------ THE DATA ------
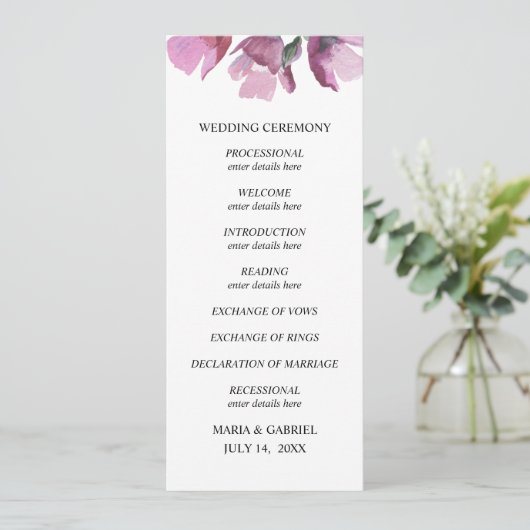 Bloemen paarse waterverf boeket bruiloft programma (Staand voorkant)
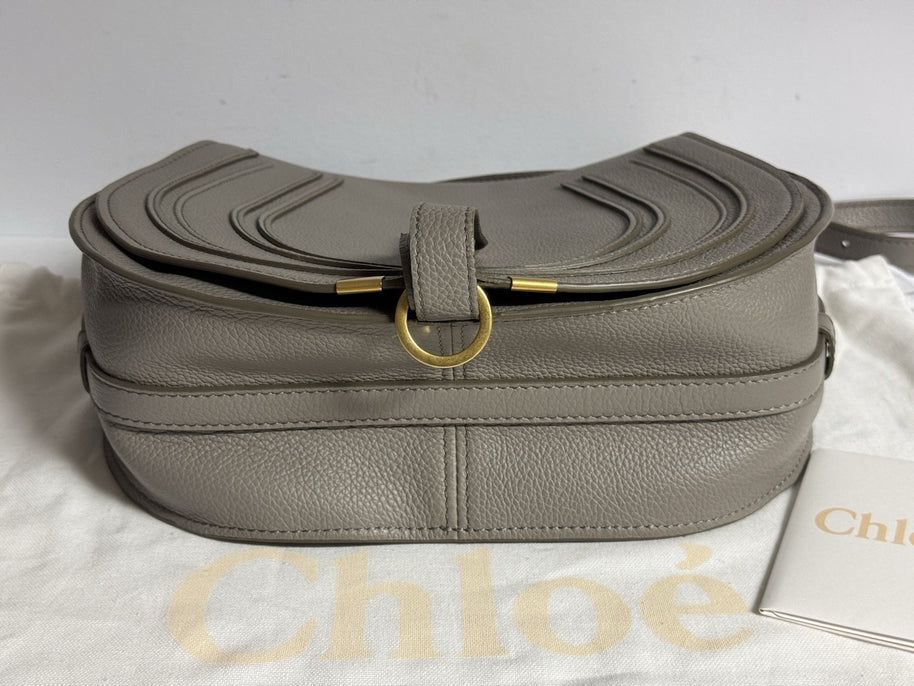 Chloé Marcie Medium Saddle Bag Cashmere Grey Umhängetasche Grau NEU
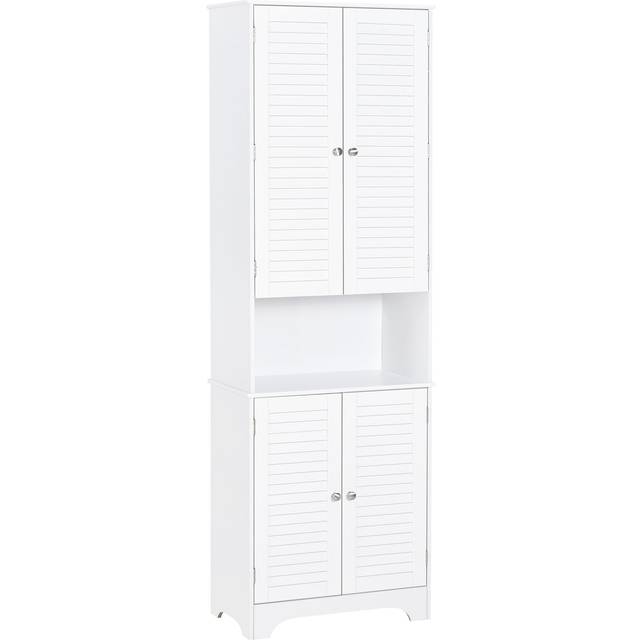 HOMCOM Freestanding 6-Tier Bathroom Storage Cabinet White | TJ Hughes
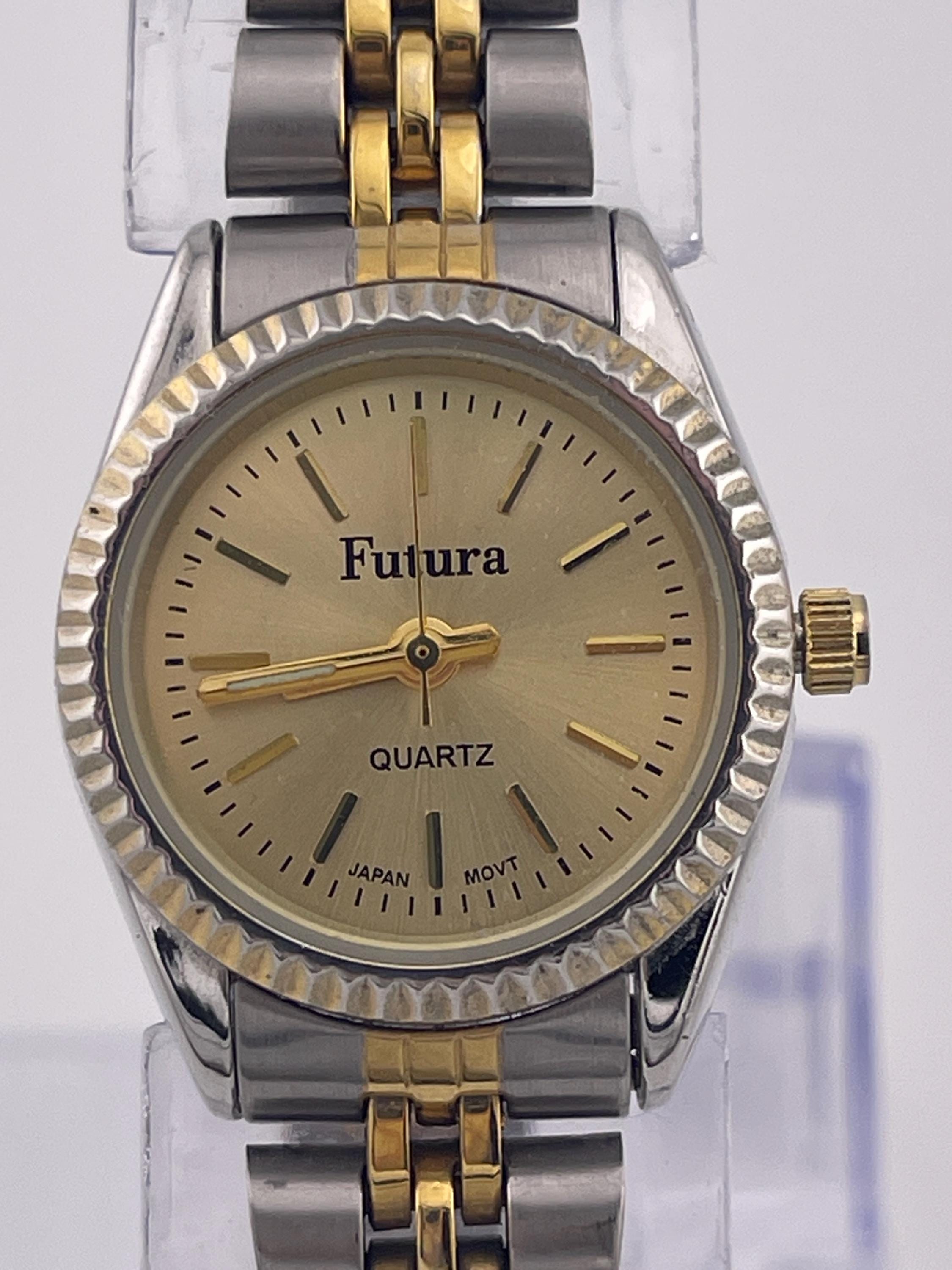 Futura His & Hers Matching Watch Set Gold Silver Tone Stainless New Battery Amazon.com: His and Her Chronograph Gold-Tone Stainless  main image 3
------
- _YOUR GOAL_
Print, please, exactly the lines from the one holding "Chloé Marcie Medium" through the final line of the data, both included, while leaving out each picture.

- _TASK ANSWER_
 Chloé Marcie Medium Saddle Bag Cashmere Grey Umhängetasche Grau NEU
 HOMCOM Freestanding 6-Tier Bathroom Storage Cabinet White | TJ Hughes
 Futura His & Hers Matching Watch Set Gold Silver Tone Stainless New Battery Amazon.com: His and Her Chronograph Gold-Tone Stainless  main image 3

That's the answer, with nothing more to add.